Cytotoxic chemotherapy was found to strongly select for CSC enrichment by cultured lymphoma cell lines. For example, in chemotherapy resistant canine BLC tumor cell lines, there was strong selection for upregulated expression of multiple CSC markers, including CD29, CD34, CD90, CD117, Oct3/4, Sca1, and CD133. In the case of TCL lines, upregulated expression of the CSC markers CD29, CD34, CD90, and Sca1 was observed (Figure 3).

Moreover, in dogs with relapsed BCL that relapsed following chemotherapy, there was substantial upregulation of CSC populations, compared to treatment naive tumors (Figure 5).

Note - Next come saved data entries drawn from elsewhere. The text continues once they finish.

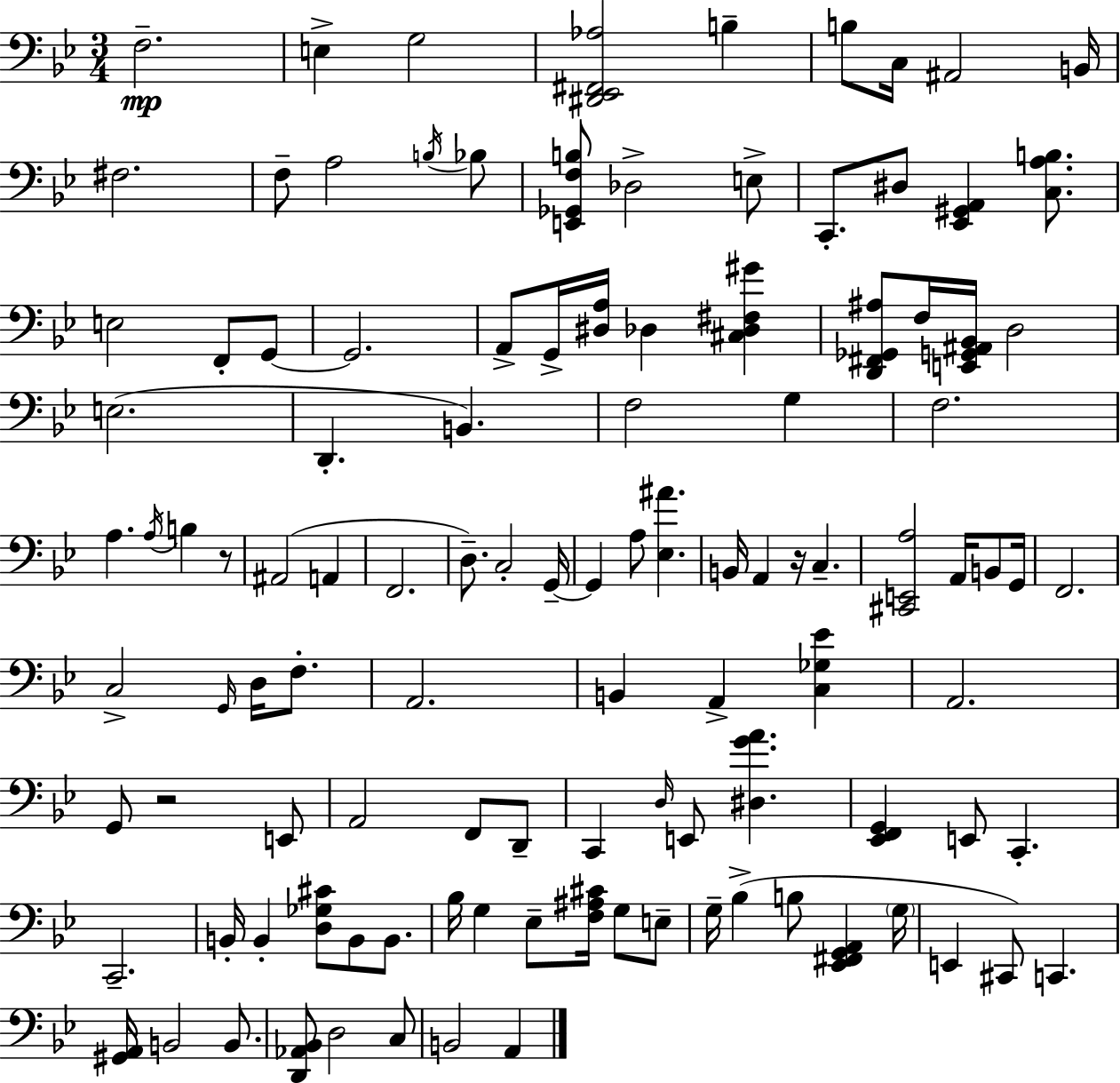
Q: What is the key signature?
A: BES major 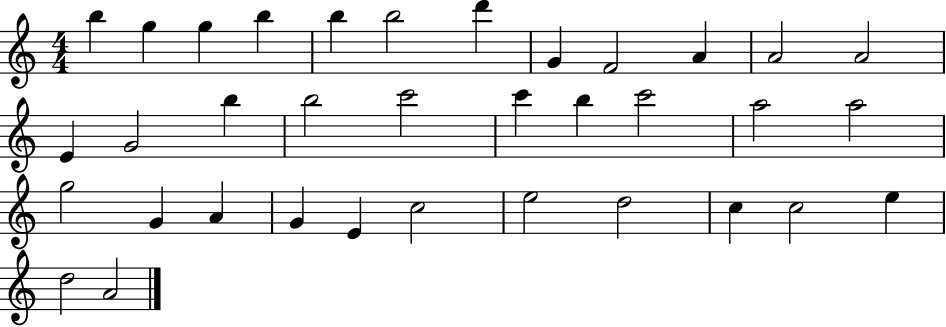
X:1
T:Untitled
M:4/4
L:1/4
K:C
b g g b b b2 d' G F2 A A2 A2 E G2 b b2 c'2 c' b c'2 a2 a2 g2 G A G E c2 e2 d2 c c2 e d2 A2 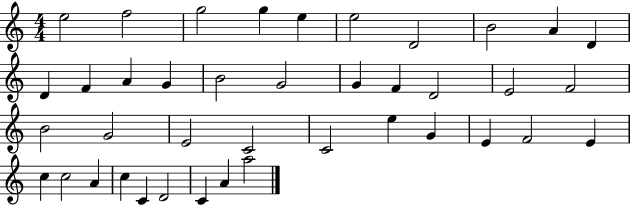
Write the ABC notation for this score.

X:1
T:Untitled
M:4/4
L:1/4
K:C
e2 f2 g2 g e e2 D2 B2 A D D F A G B2 G2 G F D2 E2 F2 B2 G2 E2 C2 C2 e G E F2 E c c2 A c C D2 C A a2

Thus, canine lymphoma appears to respond to chemotherapy in a manner similar to that of human lymphoma, with selective enrichment for CSC.

Previous studies have identified canine BCL cell lines cells with increased expression levels of ABC transporters and genes associated with the CSC phenotype, including ABCG2 and Bmi-1⁷⁵. In addition, function studies of these cell lines have demonstrated the presence of a side-population of cells characteristic of CSC, and have also demonstrated efflux of DNA specific dyes⁷⁵. However, these previous studies have not compared the CSC phenotype of normal and malignant canine B cells and T cells. Nor have previous studies demonstrated how selection for chemotherapy resistance leads to enrichment of tumor cells with a CSC phenotype and CSC functional properties.

The functional properties of CSC not only contribute to longevity, but they also render these cells more resistant to radiation treatment and chemotherapy drugs, allowing them to evade the effects of cytotoxic chemotherapy^76,77. Thus, it would be very desirable to identify drugs or other agents that could selectively target CSC for elimination. The ability to selectively enrich for lymphoma CSC using in vitro chemotherapy selection may provide one tool for identification of agents that more selectively target CSC. Furthermore, the ability to accurately phenotype CSC subpopulations in naive tumor samples using flow cytometry may provide a useful prognostic markers for predicting initial responses to chemotherapy as well as overall remission duration.